Feature Specifications for Firewall Support for SIP
Feature History
|
|
Release
|
Modification
|
12.2(11)YU
|
This feature was introduced.
|
12.2(15)T
|
This feature was integrated into Cisco IOS Release 12.2(15)T.
|
Supported Platforms
|
For platforms supported in Cisco IOS Releases 12.2(11)YU and 12.2(15)T, consult Cisco Feature Navigator.
|
Finding Support Information for Platforms and Cisco IOS Software Images
Use Cisco Feature Navigator to find information about platform support and Cisco IOS software image support. Access Cisco Feature Navigator at http://www.cisco.com/go/fn. You must have an account on Cisco.com. If you do not have an account or have forgotten your username or password, click Cancel at the login dialog box and follow the instructions that appear.
Contents
•Restrictions for Firewall Support for SIP
•Information About Firewall Support for SIP
•How to Configure Your Firewall for SIP
•Configuration Examples for Firewall SIP Support
•Additional References
•Command Reference
Restrictions for Firewall Support for SIP
DNS Name Resolution
Although SIP methods can have Domain Name System (DNS) names instead of raw IP addresses, this feature currently does not support DNS names.
SIP UDP Support Only
This feature supports only the SIP User Datagram Protocol (UDP) format for signaling; the TCP format is not supported.
SIP Abbreviated Header
This feature does not support the compact form of SIP header fields.
Earlier Versions of Cisco IOS
Some Cisco IOS versions earlier than 12.2(11)YU and 12.2(15)T may accept the configuration commands for SIP that are shown in this document; however, those earlier versions will not function properly.
Information About Firewall Support for SIP
To configure the Cisco IOS Firewall Support for SIP feature, you must understand the following concepts:
•Firewall and SIP Overviews
•Firewall for SIP Functionality Description
•SIP Message Treatment by the Firewall
•Call Database
Firewall and SIP Overviews
This section contains the following concepts:
•Cisco IOS Firewall
•SIP (Session Initiation Protocol)
Cisco IOS Firewall
The Cisco IOS firewall extends the concept of static access control lists (ACLs) by introducing dynamic ACL entries that open on the basis of the necessary application ports on a specific application and close these ports at the end of the application session. The Cisco IOS firewall achieves this functionality by inspecting the application data, checking for conformance of the application protocol, extracting the relevant port information to create the dynamic ACL entries, and closing these ports at the end of the session. The Cisco IOS firewall is designed to easily allow a new application inspection whenever support is needed.

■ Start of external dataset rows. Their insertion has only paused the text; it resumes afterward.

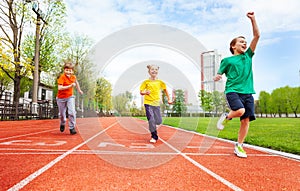 Boys and girl in colorful uniforms run marathon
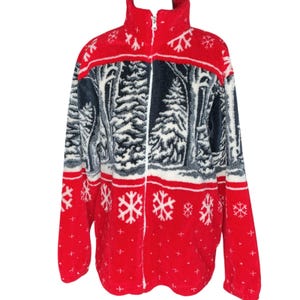 May include: A red and white fleece jacket with a winter forest scene and snowflake pattern. The jacket has a high collar, a full-length zipper, and a black, white, and gray forest design across the chest.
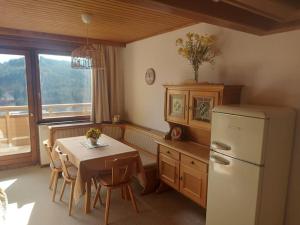 uma cozinha com uma mesa e um frigorífico branco em Sunny&Cozy - Maisonette Apartment in See Nähe em Feldkirchen in Kärnten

SIP (Session Initiation Protocol)
SIP is an ASCII-based, application-layer control protocol that can be used to establish, maintain, and terminate calls between two or more endpoints. Like other VoIP protocols, SIP is designed to address the functions of signaling and session management within a packet telephony network. Signaling allows call information to be carried across network boundaries. Session management provides the ability to control the attributes of an end-to-end call.
SIP Messages
SIP has two types of messages—requests and responses—that have the following generic structure:
generic-message = Request-Line | Status-Line
* ( general-header | request-header
| response-header | entity-header )
CRLF
[ message-body]
Note Any of these message components may contain embedded IP addresses.
Table 30 identifies the six available SIP request messages.
Table 30 SIP Request Messages
SIP Message
|
Purpose
|
ACK
|
Confirms receipt of a final response to INVITE
|
BYE
|
Is sent by either side to end the call
|
CANCEL
|
Is sent to end a call that has not yet been connected
|
INVITE
|
Is a request from a User Agent Client (UAC) to initiate a session
|
OPTIONS
|
Are sent to query capabilities of the user agents and network servers
|
REGISTER
|
Is sent by the client to register the address with a SIP proxy
|
Table 31 identifies the available SIP response methods.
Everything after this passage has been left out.